While addressing the severe Covid outbreak and attempting to prevent an economic catastrophe brought on by the strict lockdowns that were only recently lifted in response to public pressure, the government is still facing a serious crisis involving thousands of unfinished apartments throughout China.
The country’s real estate loan market is seeing an increase in bad loans. They currently account for 29% of all loans this year. People are just refusing to pay off their mortgages, and existing housing market price losses are now the sharpest in almost a decade. Since the majority of Chinese spend all of their resources on housing, the problem may soon jeopardise people’s ability to support themselves.
The government is desperately trying to ease the panic. The China Banking and Insurance Regulatory Commission is asking banks to increase loan support for real estate developers so that they can complete unfinished projects. The government logic is once the homes are ready, the disgruntled homebuyers can be convinced to call off their mortgage boycotts.
The boycotts have rattled the country since July. The issue is, in China, real estate companies can sell homes even before they are constructed. The homebuyers have to begin repaying the loans even before they get possession of their flats, apartments or houses. The developers use the repayments as funds to finance the construction. Any chink in this cycle harms the entire process.
In the beginning of 2022 there were rumblings across China as homebuyers realised hundreds of home projects were delayed or stalled because the developers were facing a cash crunch. One of the biggest companies, Evergrande, even defaults on its debt last year. Many others sought protection from creditors.
As a result home prices began to fall. Much capital was locked in semi-finished homes where construction was stalled for months, making them unfinished flats near-worthless. Angered homebuyers refused to pay the mortgages in such a situation.
Homebuyers who had invested in these homes in roughly 50 Chinese cities across 18 provinces ceased making loan payments. In order to ensure that people start making their mortgage payments again, the government now intends to collaborate closely with local government to guarantee the timely delivery of the unfinished projects.
When the government established a national housing market in 1998, neither the government nor the people nor even the real estate developers could have foreseen this problem. Before that, all real estate transactions were private. Due to the fact that a large portion of the population resided in rural areas far from cities and towns, there was also little demand.
As economic activity grew over the years, the urban population began to expand, by up to 500 million. This created a major commercial opportunity for real estate and construction companies who saw a bright future in home projects. Money flooded into the real estate market. The emerging middle class saw in the new homes a safe investment source. As demand for houses grew, the prices of homes shot up six-fold in over a decade.
Everybody joined in the real estate development boom.
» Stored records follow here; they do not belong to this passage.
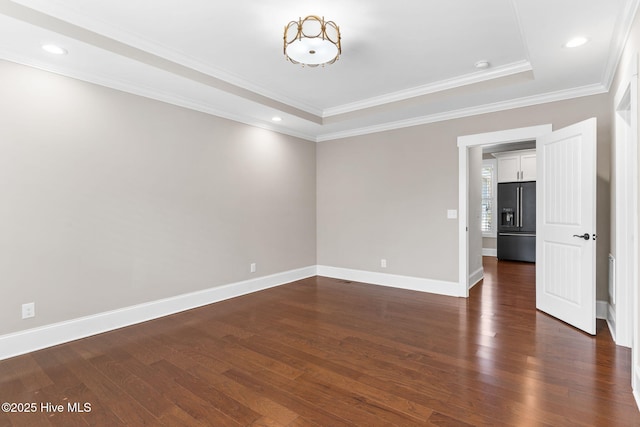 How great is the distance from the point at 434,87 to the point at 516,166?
4.80m

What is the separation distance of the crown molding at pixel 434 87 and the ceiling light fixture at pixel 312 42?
1.70m

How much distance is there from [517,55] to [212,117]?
359cm

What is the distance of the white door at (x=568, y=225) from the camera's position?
3221mm

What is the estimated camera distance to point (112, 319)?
11.1 ft

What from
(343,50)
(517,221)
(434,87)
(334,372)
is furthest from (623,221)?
(517,221)

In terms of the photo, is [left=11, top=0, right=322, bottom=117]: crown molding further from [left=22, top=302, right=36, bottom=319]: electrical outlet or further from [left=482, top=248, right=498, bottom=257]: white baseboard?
[left=482, top=248, right=498, bottom=257]: white baseboard

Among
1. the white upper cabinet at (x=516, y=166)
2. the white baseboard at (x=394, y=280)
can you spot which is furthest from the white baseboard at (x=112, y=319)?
the white upper cabinet at (x=516, y=166)

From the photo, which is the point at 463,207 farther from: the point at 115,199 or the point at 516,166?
the point at 115,199

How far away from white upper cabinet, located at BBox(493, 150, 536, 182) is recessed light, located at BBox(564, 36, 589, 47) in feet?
17.5

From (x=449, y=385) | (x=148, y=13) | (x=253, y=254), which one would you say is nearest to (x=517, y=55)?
(x=449, y=385)

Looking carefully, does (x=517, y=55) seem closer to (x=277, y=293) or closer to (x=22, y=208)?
(x=277, y=293)

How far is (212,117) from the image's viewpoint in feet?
14.3

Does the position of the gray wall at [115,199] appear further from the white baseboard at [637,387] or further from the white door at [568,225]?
the white baseboard at [637,387]

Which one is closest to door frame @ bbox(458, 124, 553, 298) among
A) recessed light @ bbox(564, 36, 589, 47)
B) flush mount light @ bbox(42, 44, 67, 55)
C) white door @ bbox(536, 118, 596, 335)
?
white door @ bbox(536, 118, 596, 335) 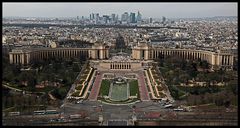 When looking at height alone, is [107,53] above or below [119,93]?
above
People started taking loans and dumping their entire wealth into these projects. The government was happy as well as it earned a sizeable chunk of revenue in tax.
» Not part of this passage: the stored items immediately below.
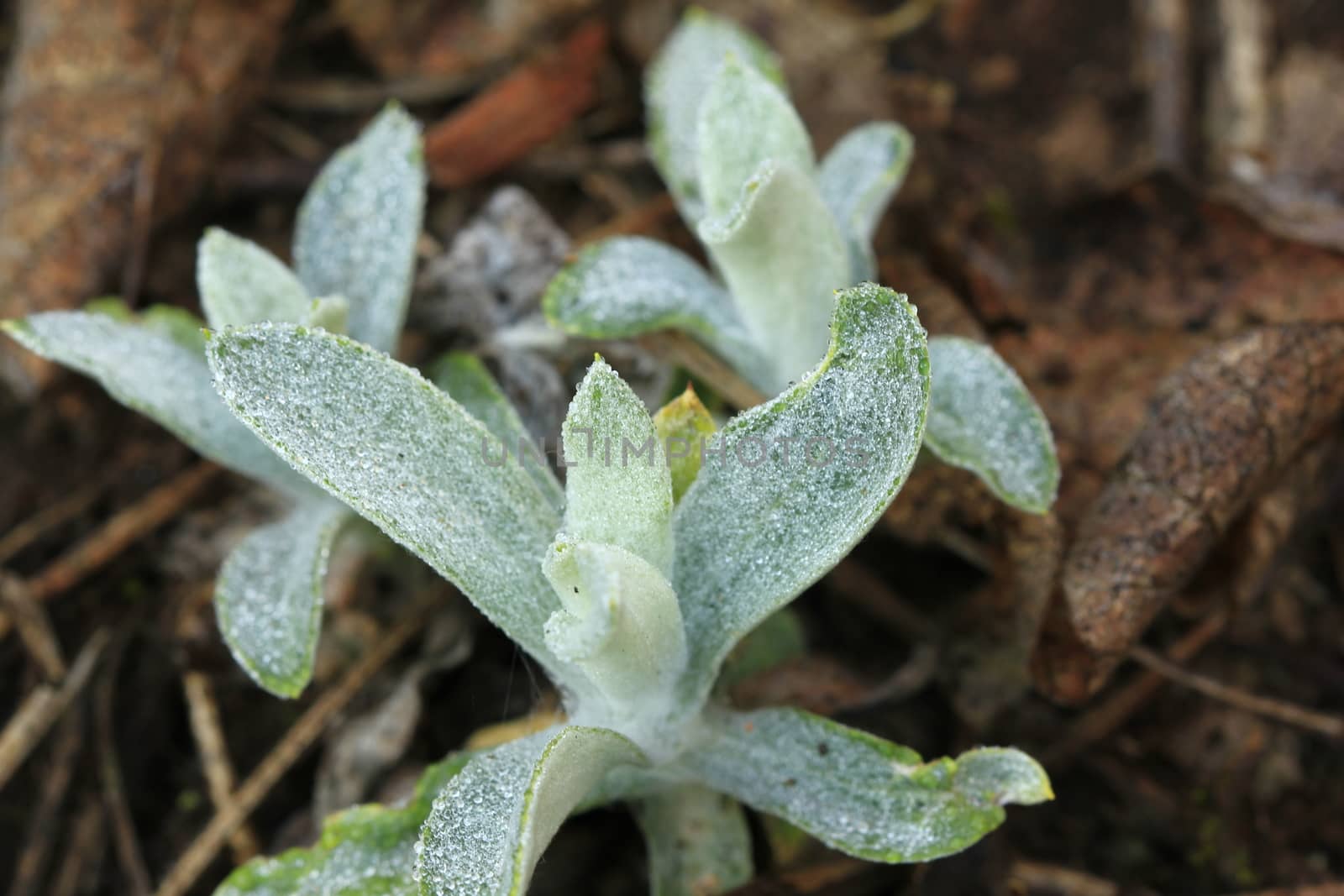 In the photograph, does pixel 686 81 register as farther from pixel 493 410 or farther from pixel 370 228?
pixel 493 410

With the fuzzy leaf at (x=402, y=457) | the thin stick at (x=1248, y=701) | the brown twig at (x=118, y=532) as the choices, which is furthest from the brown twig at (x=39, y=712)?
the thin stick at (x=1248, y=701)

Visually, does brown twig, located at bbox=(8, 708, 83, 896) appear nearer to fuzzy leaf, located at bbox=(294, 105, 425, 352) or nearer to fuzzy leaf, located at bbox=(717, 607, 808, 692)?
fuzzy leaf, located at bbox=(294, 105, 425, 352)

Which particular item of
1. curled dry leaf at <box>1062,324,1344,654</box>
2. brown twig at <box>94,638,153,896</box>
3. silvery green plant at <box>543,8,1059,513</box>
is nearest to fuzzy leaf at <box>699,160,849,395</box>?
silvery green plant at <box>543,8,1059,513</box>

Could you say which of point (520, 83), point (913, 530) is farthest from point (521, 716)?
point (520, 83)

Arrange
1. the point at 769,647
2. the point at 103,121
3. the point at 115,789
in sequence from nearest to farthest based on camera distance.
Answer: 1. the point at 769,647
2. the point at 115,789
3. the point at 103,121

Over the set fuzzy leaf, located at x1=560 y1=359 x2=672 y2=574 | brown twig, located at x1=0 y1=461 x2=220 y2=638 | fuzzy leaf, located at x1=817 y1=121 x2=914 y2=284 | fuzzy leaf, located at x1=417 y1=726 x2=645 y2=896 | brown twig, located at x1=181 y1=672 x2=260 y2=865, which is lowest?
brown twig, located at x1=181 y1=672 x2=260 y2=865

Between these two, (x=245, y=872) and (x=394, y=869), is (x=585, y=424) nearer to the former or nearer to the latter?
(x=394, y=869)

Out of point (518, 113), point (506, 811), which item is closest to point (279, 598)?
point (506, 811) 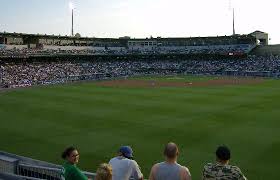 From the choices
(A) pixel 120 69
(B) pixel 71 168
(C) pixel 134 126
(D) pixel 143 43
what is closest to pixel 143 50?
(D) pixel 143 43

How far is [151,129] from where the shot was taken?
25.6m

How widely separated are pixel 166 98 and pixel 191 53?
64.9 metres

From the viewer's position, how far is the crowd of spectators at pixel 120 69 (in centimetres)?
7556

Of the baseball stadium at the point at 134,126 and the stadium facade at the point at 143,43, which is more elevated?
the stadium facade at the point at 143,43

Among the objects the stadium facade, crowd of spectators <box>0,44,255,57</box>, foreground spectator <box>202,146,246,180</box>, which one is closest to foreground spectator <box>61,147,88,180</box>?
foreground spectator <box>202,146,246,180</box>

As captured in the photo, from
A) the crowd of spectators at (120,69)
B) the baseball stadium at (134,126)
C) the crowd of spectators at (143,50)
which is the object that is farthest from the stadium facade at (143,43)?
the baseball stadium at (134,126)

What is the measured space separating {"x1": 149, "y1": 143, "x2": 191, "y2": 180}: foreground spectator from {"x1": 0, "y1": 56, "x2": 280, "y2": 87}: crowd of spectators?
62552 mm

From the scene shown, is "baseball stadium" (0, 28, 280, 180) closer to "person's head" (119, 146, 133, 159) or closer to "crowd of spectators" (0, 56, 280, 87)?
"crowd of spectators" (0, 56, 280, 87)

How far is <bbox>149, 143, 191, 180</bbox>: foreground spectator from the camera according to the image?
6.74 m

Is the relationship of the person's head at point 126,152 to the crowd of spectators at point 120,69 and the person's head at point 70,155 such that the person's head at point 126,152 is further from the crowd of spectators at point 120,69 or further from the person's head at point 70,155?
the crowd of spectators at point 120,69

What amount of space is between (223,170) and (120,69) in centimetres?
8875

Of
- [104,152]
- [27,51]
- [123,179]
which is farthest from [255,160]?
[27,51]

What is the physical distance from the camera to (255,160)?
712 inches

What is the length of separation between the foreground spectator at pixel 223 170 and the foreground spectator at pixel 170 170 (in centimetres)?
40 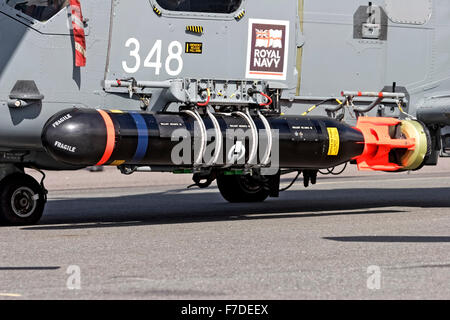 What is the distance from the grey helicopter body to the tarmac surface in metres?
0.86

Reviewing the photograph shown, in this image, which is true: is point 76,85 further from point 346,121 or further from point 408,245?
point 408,245

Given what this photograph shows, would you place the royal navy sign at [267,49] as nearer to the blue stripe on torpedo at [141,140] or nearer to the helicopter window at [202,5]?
the helicopter window at [202,5]

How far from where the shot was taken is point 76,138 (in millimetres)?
11312

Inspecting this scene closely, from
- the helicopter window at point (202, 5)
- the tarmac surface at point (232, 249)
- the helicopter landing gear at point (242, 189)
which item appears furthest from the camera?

According to media reports, the boom encouraged speculative buying, with new homes pre-sold by developers who turned increasingly to foreign investors for funds. Annual sales of “dollar-denominated offshore bonds surged from $675 million in 2009 to $64.7 billion in 2020”. The speculation “led to astronomical prices, with homes in boom cities such as Shenzhen becoming less affordable relative to local incomes than London or New York”.
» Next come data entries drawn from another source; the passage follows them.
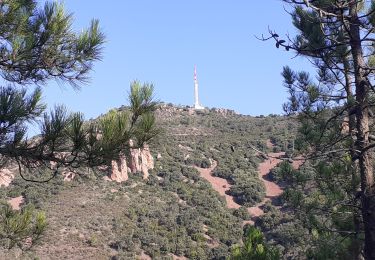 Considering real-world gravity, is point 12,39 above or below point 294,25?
below

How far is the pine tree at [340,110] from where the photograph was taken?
143 inches

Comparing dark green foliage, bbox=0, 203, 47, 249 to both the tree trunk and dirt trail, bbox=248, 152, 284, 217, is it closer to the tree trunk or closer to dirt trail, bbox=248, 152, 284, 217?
the tree trunk

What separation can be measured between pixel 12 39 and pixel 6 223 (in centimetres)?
173

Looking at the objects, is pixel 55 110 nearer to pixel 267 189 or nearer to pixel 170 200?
pixel 170 200

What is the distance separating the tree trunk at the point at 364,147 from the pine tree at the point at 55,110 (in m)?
1.73

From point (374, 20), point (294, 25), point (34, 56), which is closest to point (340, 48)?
point (294, 25)

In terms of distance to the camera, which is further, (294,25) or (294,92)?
(294,92)

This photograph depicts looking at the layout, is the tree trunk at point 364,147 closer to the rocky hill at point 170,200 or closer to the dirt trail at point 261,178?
the rocky hill at point 170,200

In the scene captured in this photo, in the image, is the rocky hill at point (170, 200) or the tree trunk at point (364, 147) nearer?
the tree trunk at point (364, 147)

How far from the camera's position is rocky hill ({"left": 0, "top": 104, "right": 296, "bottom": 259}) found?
2855 cm

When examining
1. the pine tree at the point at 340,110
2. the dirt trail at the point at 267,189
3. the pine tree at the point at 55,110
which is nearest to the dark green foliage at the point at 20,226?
the pine tree at the point at 55,110

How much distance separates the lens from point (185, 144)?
46.2 metres

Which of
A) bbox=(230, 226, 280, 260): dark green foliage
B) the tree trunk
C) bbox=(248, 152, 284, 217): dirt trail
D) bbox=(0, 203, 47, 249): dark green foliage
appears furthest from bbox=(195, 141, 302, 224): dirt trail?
the tree trunk

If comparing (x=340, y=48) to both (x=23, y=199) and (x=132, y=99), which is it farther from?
(x=23, y=199) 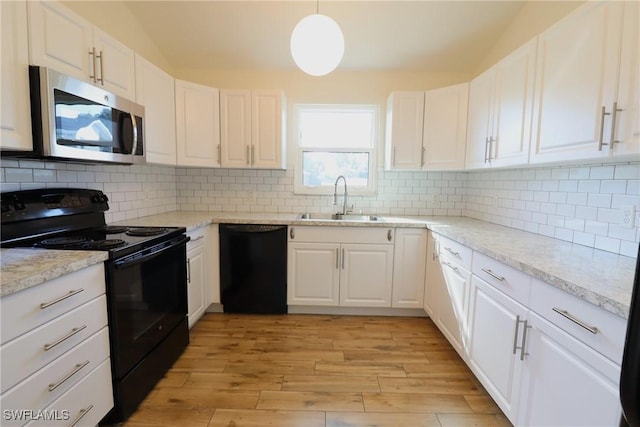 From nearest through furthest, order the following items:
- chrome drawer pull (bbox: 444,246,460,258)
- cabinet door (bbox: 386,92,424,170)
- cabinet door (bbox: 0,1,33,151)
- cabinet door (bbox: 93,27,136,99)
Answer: cabinet door (bbox: 0,1,33,151) < cabinet door (bbox: 93,27,136,99) < chrome drawer pull (bbox: 444,246,460,258) < cabinet door (bbox: 386,92,424,170)

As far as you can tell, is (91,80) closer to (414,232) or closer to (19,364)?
Answer: (19,364)

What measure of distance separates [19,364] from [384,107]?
333 centimetres

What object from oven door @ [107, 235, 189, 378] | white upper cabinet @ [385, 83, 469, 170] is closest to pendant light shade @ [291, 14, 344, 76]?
white upper cabinet @ [385, 83, 469, 170]

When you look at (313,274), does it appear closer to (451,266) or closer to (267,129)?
(451,266)

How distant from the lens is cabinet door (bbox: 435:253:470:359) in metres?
2.03

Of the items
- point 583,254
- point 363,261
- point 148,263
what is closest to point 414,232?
point 363,261

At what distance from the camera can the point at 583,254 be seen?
1.61 metres

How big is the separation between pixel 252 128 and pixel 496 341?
8.56 feet

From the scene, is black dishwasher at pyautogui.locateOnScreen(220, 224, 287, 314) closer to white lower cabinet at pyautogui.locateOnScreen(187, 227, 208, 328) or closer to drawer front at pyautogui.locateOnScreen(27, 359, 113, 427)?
white lower cabinet at pyautogui.locateOnScreen(187, 227, 208, 328)

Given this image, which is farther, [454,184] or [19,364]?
[454,184]

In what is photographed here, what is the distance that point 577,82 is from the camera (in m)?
1.50

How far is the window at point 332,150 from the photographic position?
11.1 feet

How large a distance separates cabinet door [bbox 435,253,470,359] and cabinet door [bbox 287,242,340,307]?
91 centimetres

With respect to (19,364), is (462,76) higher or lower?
higher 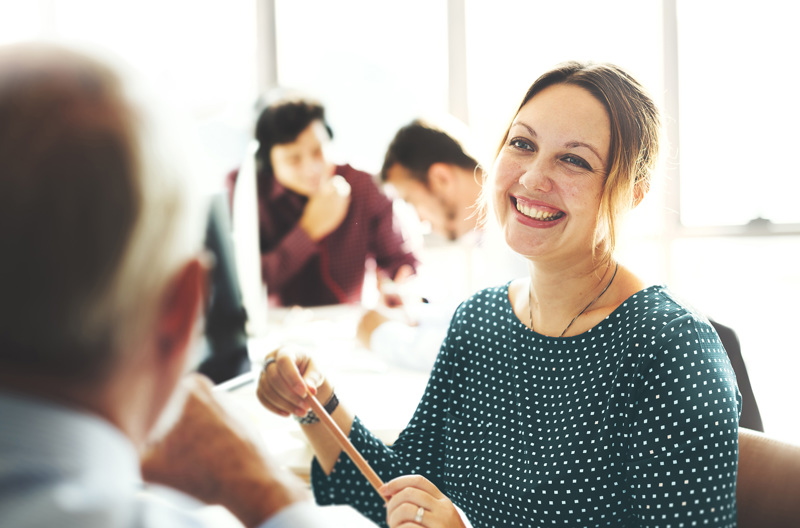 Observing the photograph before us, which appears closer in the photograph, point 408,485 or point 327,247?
point 408,485

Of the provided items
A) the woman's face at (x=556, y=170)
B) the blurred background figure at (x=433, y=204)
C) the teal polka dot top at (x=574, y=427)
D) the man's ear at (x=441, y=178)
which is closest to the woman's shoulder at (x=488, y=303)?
the teal polka dot top at (x=574, y=427)

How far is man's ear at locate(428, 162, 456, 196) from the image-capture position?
1840 mm

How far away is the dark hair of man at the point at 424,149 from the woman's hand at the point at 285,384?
1.15 m

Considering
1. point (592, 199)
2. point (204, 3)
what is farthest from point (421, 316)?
point (204, 3)

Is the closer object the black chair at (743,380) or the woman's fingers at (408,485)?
the woman's fingers at (408,485)

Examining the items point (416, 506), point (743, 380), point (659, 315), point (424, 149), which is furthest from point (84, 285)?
point (424, 149)

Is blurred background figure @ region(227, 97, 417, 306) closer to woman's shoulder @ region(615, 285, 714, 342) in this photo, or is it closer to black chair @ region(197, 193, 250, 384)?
black chair @ region(197, 193, 250, 384)

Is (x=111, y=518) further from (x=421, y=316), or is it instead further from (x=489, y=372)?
(x=421, y=316)

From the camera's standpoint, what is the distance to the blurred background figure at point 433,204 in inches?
58.5

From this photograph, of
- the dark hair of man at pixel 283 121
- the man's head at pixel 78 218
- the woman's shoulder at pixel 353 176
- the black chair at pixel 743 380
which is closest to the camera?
the man's head at pixel 78 218

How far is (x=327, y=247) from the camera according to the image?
7.47 ft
To ward off any risks, the government in 2020 “tempered the inequality that unaffordable housing can create”. This led to a cash-flow crisis for the developers. The situation worsened as the Covid pandemic grew and then the Zero-Covid policy kicked in. As a result, the fund crisis tightened and many housing projects faced money crunch. Eventually many projects stalled or construction slowed down.
The government requested banks to reduce fresh financing for developers and slow down mortgage lending in order to manage the debt of the housing sector. To cut down on borrowing, new regulations were implemented. Due to their already strained finances, many businesses were unable to comply with the new regulations. Some even had their offshore bonds default. Even if the market stabilises, it can take some time before homebuyers are able to honour their payback obligations. The majority of them were stranded at home during the lockdown for months, which had a negative impact on their finances. And now that millions have been infected, the virus onslaught is once more impacting their ability to earn a living. For assistance in getting out of this problem, they will be appealing to the government.